Her other films during the decade were Nicolas Roeg's thriller Don't Look Now (1973), based on a story by Daphne du Maurier, in which she co-starred with Donald Sutherland, and the science-fiction/horror film Demon Seed (1977), based on the novel of the same name by Dean Koontz and directed by Donald Cammell. Don't Look Now in particular has received acclaim, with Christie nominated for the BAFTA Award for Best Actress in a Leading Role, and in 2017 a poll of 150 actors, directors, writers, producers and critics for Time Out magazine ranked it the greatest British film ever.[20]
Christie returned to the United Kingdom in 1977, living on a farm in Wales. In 1979, she was a member of the jury at the 29th Berlin International Film Festival.[21] Never a prolific actress, even at the height of her career, Christie turned down many high-profile film roles, including Anne of the Thousand Days, They Shoot Horses, Don't They?, Nicholas and Alexandra, and Reds, all of which earned Oscar nominations for the actresses who eventually played them.[15][22]
1980s[edit]
In the 1980s, Christie appeared in non-mainstream films such as The Return of the Soldier (1982) and Heat and Dust (1983). She had a major supporting role in Sidney Lumet's Power (1986) alongside Richard Gere and Gene Hackman, but apart from that, she avoided large budget films. She starred in the television film Dadah Is Death (1988), based on the Barlow and Chambers execution, as Barlow's mother Barbara, who desperately fought to save her son from being hanged for drug trafficking in Malaysia.[23]
Personal life[edit]
She is fluent in French and Italian.[6]
In the early 1960s, Christie dated actor Terence Stamp.[15] She had a live-in relationship with Don Bessant, a lithographer and art teacher, from December 1962 to May 1967,[35] before dating actor Warren Beatty for seven on-and-off years (1967–1974).[7] Christie was also linked romantically with musician Brian Eno, record producer Lou Adler, director Jim McBride and photographer Terry O'Neill.[35][36]
Christie is married to journalist Duncan Campbell; they have lived together since 1979,[37] but the date they married is disputed. In January 2008, several news outlets reported that the couple had quietly married in India two months earlier, in November 2007,[38] which Christie called "nonsense", adding, "I have been married for a few years. Don't believe what you read in the papers."[39]

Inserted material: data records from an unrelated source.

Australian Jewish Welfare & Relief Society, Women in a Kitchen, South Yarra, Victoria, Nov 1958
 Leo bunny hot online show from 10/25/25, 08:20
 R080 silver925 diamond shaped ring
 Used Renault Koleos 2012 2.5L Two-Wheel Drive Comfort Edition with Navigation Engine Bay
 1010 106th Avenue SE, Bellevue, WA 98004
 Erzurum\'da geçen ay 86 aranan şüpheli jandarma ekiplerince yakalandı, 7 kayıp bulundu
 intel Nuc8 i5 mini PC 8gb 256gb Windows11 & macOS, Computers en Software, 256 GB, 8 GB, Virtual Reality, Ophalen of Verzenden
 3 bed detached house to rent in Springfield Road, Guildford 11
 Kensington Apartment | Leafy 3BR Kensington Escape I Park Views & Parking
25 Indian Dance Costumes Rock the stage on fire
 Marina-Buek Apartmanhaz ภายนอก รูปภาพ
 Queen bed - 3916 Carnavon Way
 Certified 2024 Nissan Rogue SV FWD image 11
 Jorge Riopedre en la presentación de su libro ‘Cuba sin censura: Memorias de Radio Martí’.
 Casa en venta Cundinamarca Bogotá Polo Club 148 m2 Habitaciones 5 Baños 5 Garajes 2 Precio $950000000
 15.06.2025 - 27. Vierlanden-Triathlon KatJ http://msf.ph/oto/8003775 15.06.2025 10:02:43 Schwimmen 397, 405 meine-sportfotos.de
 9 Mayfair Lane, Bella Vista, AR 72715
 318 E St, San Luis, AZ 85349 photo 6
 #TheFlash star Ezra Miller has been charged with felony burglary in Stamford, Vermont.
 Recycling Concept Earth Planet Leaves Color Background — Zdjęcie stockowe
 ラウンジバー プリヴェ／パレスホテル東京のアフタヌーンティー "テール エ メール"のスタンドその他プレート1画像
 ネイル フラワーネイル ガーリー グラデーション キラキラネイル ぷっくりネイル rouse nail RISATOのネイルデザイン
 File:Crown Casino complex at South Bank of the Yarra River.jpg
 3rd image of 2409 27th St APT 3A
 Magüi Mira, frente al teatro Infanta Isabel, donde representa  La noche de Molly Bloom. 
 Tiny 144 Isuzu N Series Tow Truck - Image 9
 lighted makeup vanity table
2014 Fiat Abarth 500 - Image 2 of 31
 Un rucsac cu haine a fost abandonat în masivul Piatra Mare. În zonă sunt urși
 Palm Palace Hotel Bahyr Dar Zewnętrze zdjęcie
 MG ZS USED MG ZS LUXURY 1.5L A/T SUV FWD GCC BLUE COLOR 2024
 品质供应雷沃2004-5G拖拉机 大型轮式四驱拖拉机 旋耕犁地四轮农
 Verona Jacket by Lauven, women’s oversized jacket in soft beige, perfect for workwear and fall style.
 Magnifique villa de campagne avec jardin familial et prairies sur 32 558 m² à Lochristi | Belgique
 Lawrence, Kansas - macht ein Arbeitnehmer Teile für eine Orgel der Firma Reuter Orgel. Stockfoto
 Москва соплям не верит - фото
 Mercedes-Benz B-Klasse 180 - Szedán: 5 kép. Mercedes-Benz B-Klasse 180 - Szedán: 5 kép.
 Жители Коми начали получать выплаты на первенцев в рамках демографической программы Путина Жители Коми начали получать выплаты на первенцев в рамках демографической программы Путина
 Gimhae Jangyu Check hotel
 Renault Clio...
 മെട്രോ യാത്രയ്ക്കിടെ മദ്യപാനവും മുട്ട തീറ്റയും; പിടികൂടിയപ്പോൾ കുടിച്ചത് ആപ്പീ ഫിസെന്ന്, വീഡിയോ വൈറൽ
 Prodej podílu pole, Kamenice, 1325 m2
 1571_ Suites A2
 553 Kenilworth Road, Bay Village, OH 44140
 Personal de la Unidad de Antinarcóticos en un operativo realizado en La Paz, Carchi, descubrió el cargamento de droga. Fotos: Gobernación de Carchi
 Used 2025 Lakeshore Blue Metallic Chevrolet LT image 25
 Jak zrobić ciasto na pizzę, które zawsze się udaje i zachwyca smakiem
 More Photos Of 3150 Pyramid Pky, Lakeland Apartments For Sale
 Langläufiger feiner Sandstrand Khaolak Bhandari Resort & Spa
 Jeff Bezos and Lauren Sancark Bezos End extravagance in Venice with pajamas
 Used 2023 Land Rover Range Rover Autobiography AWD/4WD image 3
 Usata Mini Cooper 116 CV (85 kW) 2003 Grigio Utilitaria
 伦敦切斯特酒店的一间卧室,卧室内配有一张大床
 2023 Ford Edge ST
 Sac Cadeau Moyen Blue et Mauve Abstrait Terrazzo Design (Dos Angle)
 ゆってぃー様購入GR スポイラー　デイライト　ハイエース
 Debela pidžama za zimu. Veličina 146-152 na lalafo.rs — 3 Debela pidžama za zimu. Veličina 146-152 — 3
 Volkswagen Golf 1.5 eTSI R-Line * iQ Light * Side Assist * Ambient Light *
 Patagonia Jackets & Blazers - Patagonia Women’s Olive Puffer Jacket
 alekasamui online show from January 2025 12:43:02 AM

In the late 1960s, her advisers adopted a very complex scheme in an attempt to reduce her tax liability, giving rise to the leading case of Black Nominees Ltd v Nicol (Inspector of Taxes). The case was heard by Judge Sydney Templeman (who later became Lord Templeman), who gave judgment in favour of the Inland Revenue, ruling that the scheme was ineffective.[40]
She is active in various causes, including animal rights, environmental protection, and the anti-nuclear power movement. She is a Patron of the Palestine Solidarity Campaign,[41] as well as Reprieve,[42] and the CFS/ME charity Action for ME.[43] Christie is a vegetarian.[44]